Seeing the feminine in possession of her own sovereignty was a hallmark of Campbell’s work from the start. Long before it was mandated by the feminist movement, Campbell consistently valued the feminine perspective, a practice which has since earned him the praise of feminist scholar Christine Downing:

It is to Campbell’s great credit—from my feminist perspective—that in his history of mythology he accords an important place to the role played by the goddess, and that he did so already in the first volume of The Masks of God [sic] series (published in 1959) long before the revival of interest in the goddess among contemporary feminist scholars.15

Campbell’s receptivity to both solar and lunar aspects of the feminine crops up throughout his expositions of both female and male mythologies. He explored many myths of the goddess characterized by the androgynous union of “masculine” and “feminine” principles represented by Sun and Moon. Not equating the feminine with the lunar, he could see in the symbolic goddess figure a combination of paradoxical solar/lunar forces, comparable to the those found in descriptions of many male divinities. The incorporation and ultimate transcendence of both solar and lunar aspects have often been designated earmarks of epic male figures, such as Osiris, Dionysus, and the Christ, each of whom has been described as having attained “a superior stage of psycho-spiritual development since in androgynous and sacrificial nature they incorporate both the solar and lunar modes and transcend them in death.”16

The “mythologically confusing” assignment of different gender labels in different cultures did not prevent Campbell from being receptive to the deeper mysteries of the solar/lunar dialectic in other traditions. His transcendent solar/lunar vision allowed him to see beyond gender biases into the energies of the psyche that permeate all psycho-spiritual traditions. For example, his grasp of the axial solar/ lunar dialectic made it possible for him to develop an insightful comparison of the Navajo “Pollen Path” and the Kundalini chakra system in The Inner Reaches of Outer Space (1986). In both systems, Campbell shows the primary task to be a reconciliation of the counterpoised solar and lunar energies. The Navajo initiate masters this stage through participation in the sand paintings that accompany the rituals.

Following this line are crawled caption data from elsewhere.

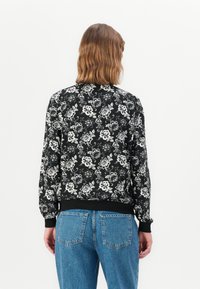Sweatshirt noir à motifs floraux blancs, avec des poignets et un ourlet côtelés, associé à un jean taille haute bleu clair, vu de dos.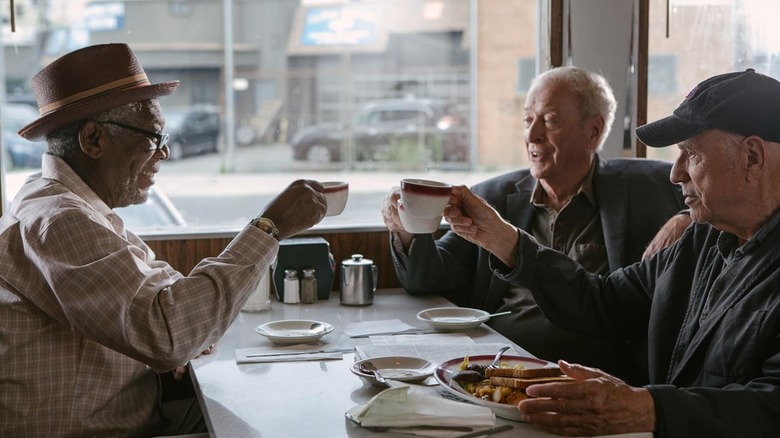 Morgan Freeman as Willie Davis, Michael Caine as Joe Harding, and Alan Arkin as Albert Garner eating at a diner in Going in Style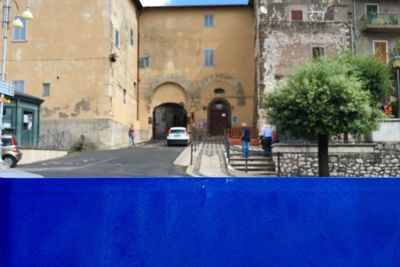 Narrow street amidst buildings in city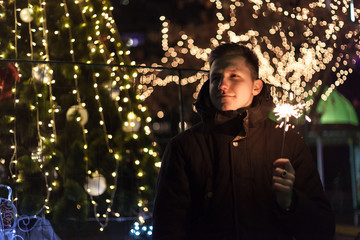 Dreamy handsome man standing on the street with sparkler in hand. Bright bokeh lights of Christmas tree and garlands on background. Winter holidays mood.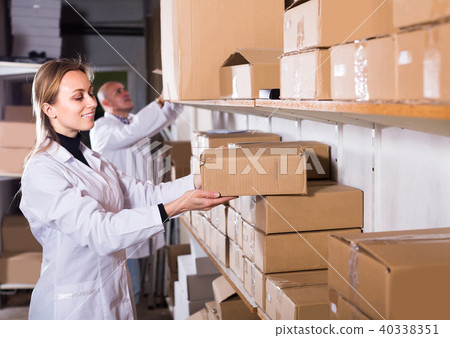 Portrait of different ages couple with carton boxes in warehouse 40338351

For the yoga, solar/lunar consciousness is achieved through meditation. Campbell speaks of a white or ida aspect, which is “associated with the cool, ambrosial, ‘lunar’ energies of the psyche; and a red, called pingala…, whose energy is ‘solar, fiery,’ and like the solar heat of the tropics, desiccating and destructive.” The yoga’s prime goal is to harmonize these contrary energies (Image 331). The solar/lunar dynamic occurs in the psyche whether or not one is conscious of it. Creative individuals, such as artists, poets, and shamans, often experience a transcendence of the solar/lunar duality as an initial part of their ritual process. Throughout his work, Campbell, documented repeated instances of solar and lunar energies coming together to signify a critical stage of transformation in many disciplines. A complete survey of the solar/lunar counterplay in Campbell’s writing would extend far beyond the reaches of this essay. We might herein at best only hint at the far-reaching implications Campbell’s solar/lunar vision may have for masculinity, and ultimately for our collective cultural consciousness.

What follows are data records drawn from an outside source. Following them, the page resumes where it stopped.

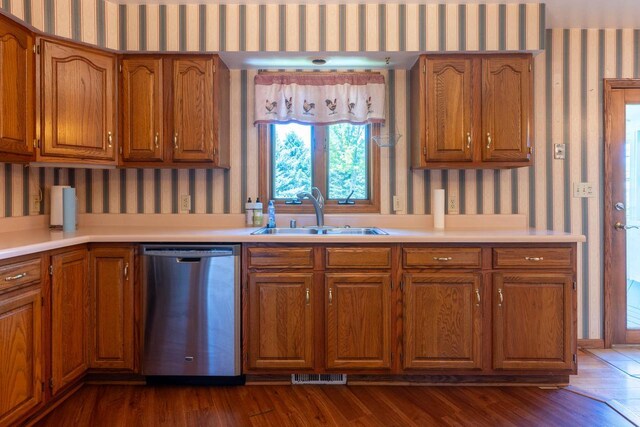 W5670 School Rd, Walworth, WI 53184 - kitchen featuring stainless steel dishwasher, wallpapered walls, a sink, brown cabinets, and light countertops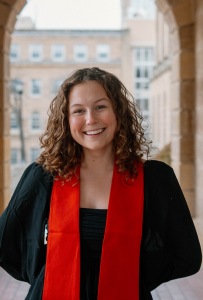 Rosie in a black graduation gown with red stol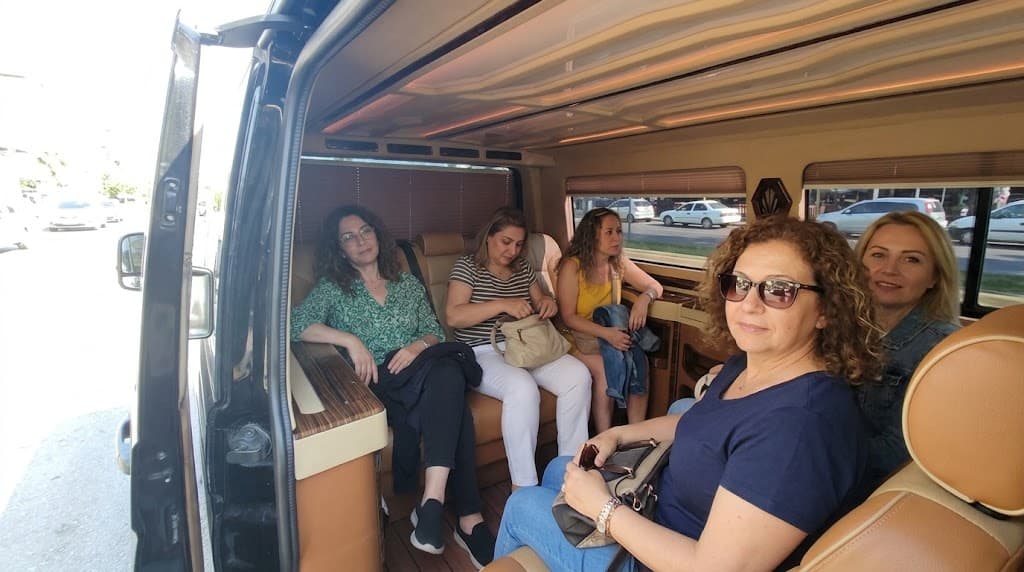 TORVIAN passengers in a private transfer vehicle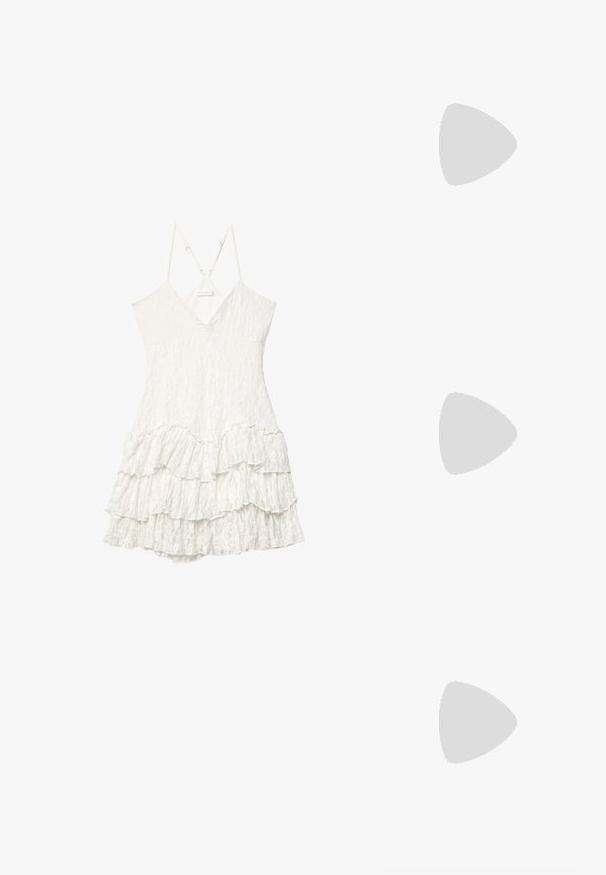 Biała koronkowa sukienka bez rękawów z dekoltem w kształcie V, regulowanymi cienkimi ramiączkami i warstwowym wykończeniem w falbanach.; Czarne lakierowane botki za kostkę z wysmukłym noskiem i średniej wysokości obcasem w kształcie słupka. Gładka tekstura i minimalistyczny design.; Brązowe gradientowe okulary przeciwsłoneczne z dużymi okrągłymi soczewkami, błyszczącymi oprawkami w wzór żółwia oraz smukłymi zausznikami z delikatnymi metalicznymi akcentami.; Czarna torebka o usztywnionym kształcie, gładkiej fakturze i metalowym zapięciem. Połączona z szerokimi czarnymi spodniami i sandałami na otwartym palcu na drewnianej podłodze.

We are greatly indebted to Joseph Campbell for having recovered our vision of the male hero, which had suffered a long neglect in the wake of rapid changes advanced by scientists and rationalists of the nineteenth century. His contribution to our revaluing an individual’s subjective experience is unmatched in the literature and psychology of the twentieth century. As we move into the next century, the ongoing breakdown of patriarchal mythologies will inspire us to resurrect even more universal, archetypal creation motifs to incorporate the variety of viewpoints that comprise our new world. It is my hope that the Twin Heroes, Campbell’s central paradigm of balancing solar and lunar energies, will receive more attention in the future as we follow Campbell and look for archetypal motifs that amplify and reinforce the complementary, compatible aspects of our human nature.